冬の朝の散策のついでに、神社の前の田んぼまで足を伸ばしてみると、こちらも田んぼの土が霜に覆われ、白い化粧を施したような状態です。

さらに、明け方の日の光が霜に反射することで、明るいオレンジ、黄色がかった色が浮かび上がっています。

この時間帯の色彩が、冬の中では一番好きな景色です。

白い霜に覆われた田んぼは、夏の頃とはまったく違う顔を見せてくれています

神社の参道を行くと、この田んぼの途中で何やら蛇行している溝を発見することができます。

田んぼを横切るように、蛇行しながら続いている溝

この蛇行している溝は、動物たちの足跡の痕跡です。まったく同じルートを何度も何度も通り続けることにより、このような跡になるようです。

果たして何匹の群れが通っているのでしょうか。

また、そもそもこれは何の足跡なのでしょうか。

いくつか候補はあり、狐、狸、イタチ、鹿などですが、実際にこの道を通っっている姿を目撃したことはありません。

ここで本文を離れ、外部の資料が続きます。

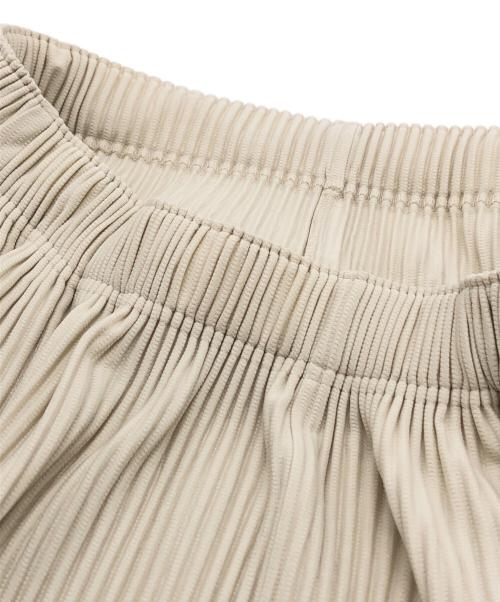 HOMME PLISSE ISSEY MIYAKE（オム プリッセ イッセイ ミヤケ）HOMME PLISSE ISSEY MIYAKE (オム プリッセ イッセイ ミヤケ) プリーツサルエルパンツ ベージュ サイズ:3の古着・服飾アイテム
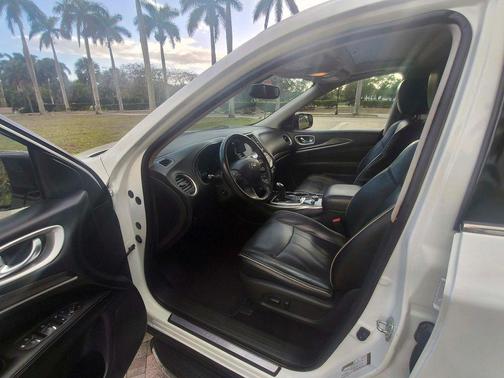 2018 INFINITI QX60 Base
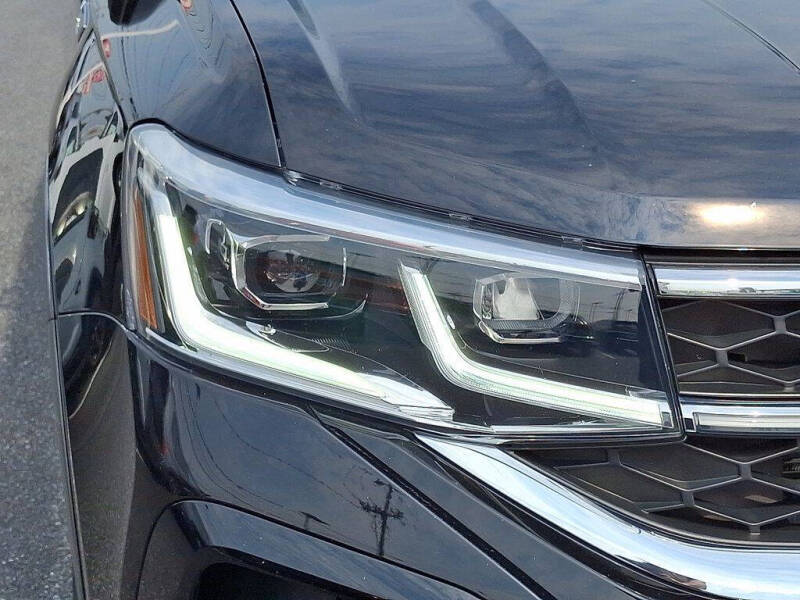 2022 Volkswagen Taos SEL 4Motion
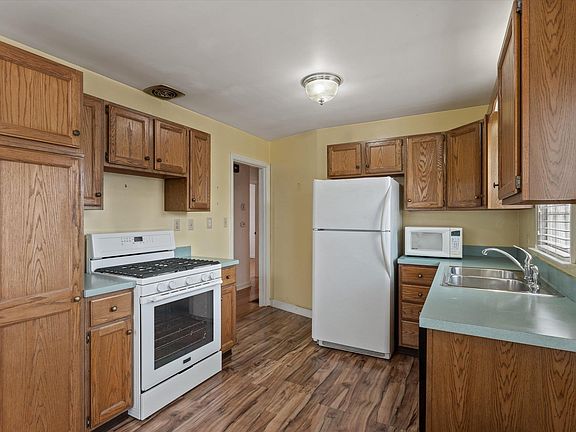 5th image of 2111 Inglewood Pl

この溝、トラクターで耕す際にガタンガタンと音を立ててトラクターが跳ねるほど固く踏み固められているので、そんな時にも田んぼと共にある動物の存在を感じることができます。

この日、犬の散歩にも出かけたのですが、そこである動物を目撃することになりました。

小鹿の全体像がはっきりと確認できる亡骸

ある田んぼの畦道を行くと、鹿の亡骸が置かれていました。

肋骨がきれいに剥き出しになっているものの、冬の寒さのおかげか腐敗も進まず、きれいな状態で保存されているようでした。

もっとも、動物たちがついばんだのか肉はきれいに取り除かれています。

あとで話を聞いてみると、ご近所の人が道路の近くで死んでいたものを田んぼの脇へと移動させてやったとのことでした。

この鹿が直接、先ほどの田んぼの溝を作った張本人かはわかりませんが、この開けた田園風景の中で姿を見せない動物たちの中の1匹でもあったのだなぁ、と感じました。

人間が自然を切り拓き、時に我が物顔で活動しているように思えても、田んぼに刻まれた溝から、今回のような亡骸から、日々の生活の中で見る鳥や虫たちの姿から、「私たちは同じ環境を共有しながら、互いの領域や世界を生きている」と感じることができます。

鳥も獣も自然も人も、すべての生命はこの土地に生まれ、日々を必死に生きようとしている一つひとつの生命。

同じ土地を共有して生きている以上、田んぼの中に足跡を刻んだり、田植えされた田んぼの中でカエルが育ち、それを狙ってサギがやってくるのもまた、多様ないのちの営みの重なり合いです。

そこに上下はなく、ただ、自分の(種の)領域を野放図に拡大しなければ、それぞれが適切なバランスで淘汰しあい、バランスしていく。

そういうものではないかなぁ、と感じます。

これは、最近読み進めている今西錦司氏の書籍などからも着想を得たものですが、実際にこのように自然に直面して感じるものから考えると、そのようなアイデアが出てきます。

さあ、そろそろ寒さも緩んで次のシーズンの田植えを考え始める時です。

春に向けて、着実に準備していこうと思います。